Chia was to be a font reminiscent of naive print handwriting, written by the game’s lead character Raz (used in props and dialogue trees, among other uses). Savannah was to be a more legible design for a wide variety of in-game uses including in the user interface.
And Arundo had yet another brief entirely: this was a typeface that existed in the in-game universe, to represent the branding of an in-world organization. From our perspective it had to feel as if typeface designers within the Psychonauts universe had drawn Arundo for use on way-finding signage and elsewhere.

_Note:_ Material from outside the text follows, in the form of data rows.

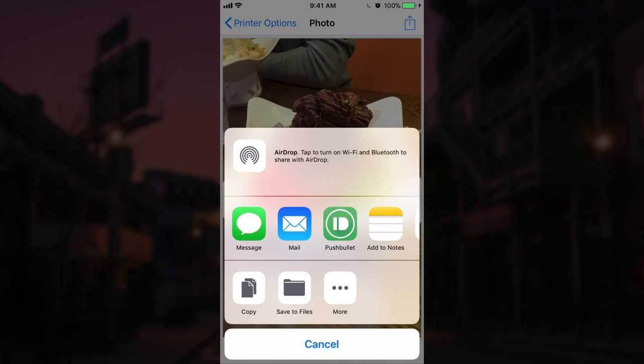Much like on a computer, if you file print, you can save as a PDF on most Mac applications. I actually have a video of that I'll link at the top of the screen right now. But just to finish off this tutorial,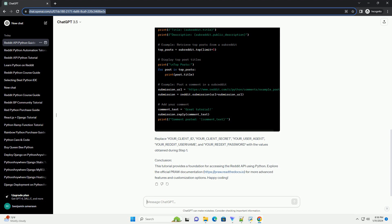Step 3: Write Python code to access Reddit API. Replace YOUR_CLIENT_ID, YOUR_CLIENT_SECRET, YOUR_USER_AGENT, YOUR_REDDIT_USERNAME, and YOUR_REDDIT_PASSWORD with the values obtained during Step 1.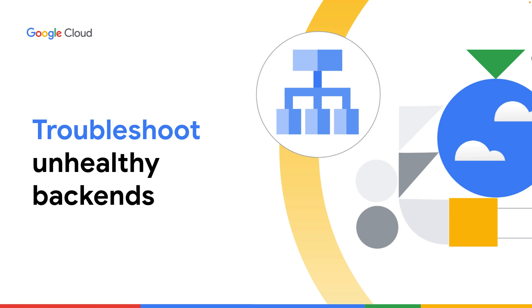In this video, we will learn how to troubleshoot and resolve an unhealthy load balancer backend.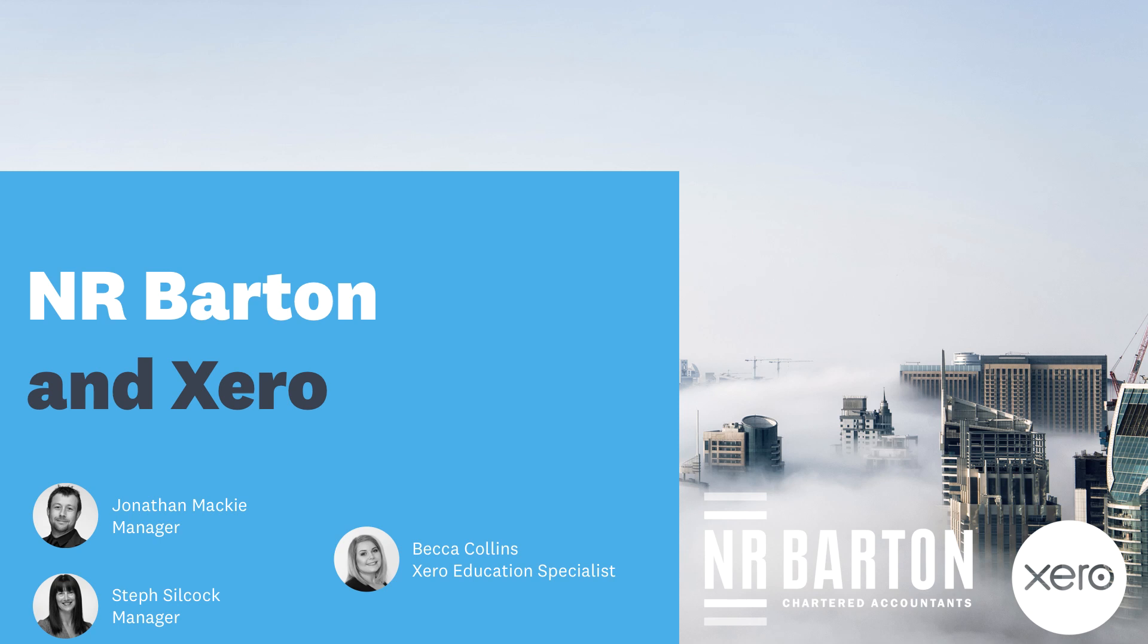Hi, I'm Steph and I'm Jonathan. Coming up is a Xero demonstration which will give you an overview of Xero and highlight some of the many benefits of cloud accounting. Here at NL Barton we are Platinum Xero partners offering market-leading cloud accountancy advice. I will now pass you over to Becca from Xero.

One of my roles at Lettermatic, in addition to drawing letters, is to build custom software tools which we use in our design processes. Fonts are software, and there is an ‘engineering’ component to this work, so such tools become handy pretty quickly. This project immediately got that part of my brain working — Double Fine was asking us to go somewhere new aesthetically, and perhaps we could get there more skillfully with the help of some custom software tools.
In our first presentation to Double Fine, we showed an illustration of a glass bottle labeled ‘Grasslands Special Ingredient.’ As a team at Lettermatic, we imagined this being the ‘wonky’ element to the designs — something that could be added to any design, making it feel at-home in the world of Psychonauts. Something that we could use as a conceptual anchor and ask ourselves if we’d hit the mark. Funnily enough we specifically avoided using the word ‘wonk,’ because we were worried it might sound negative in some way. But after seeing our first presentation, the team from Double Fine replied using the word ‘wonk’ as a positive descriptor towards what we had been drawing, so we all started using this phrase regularly.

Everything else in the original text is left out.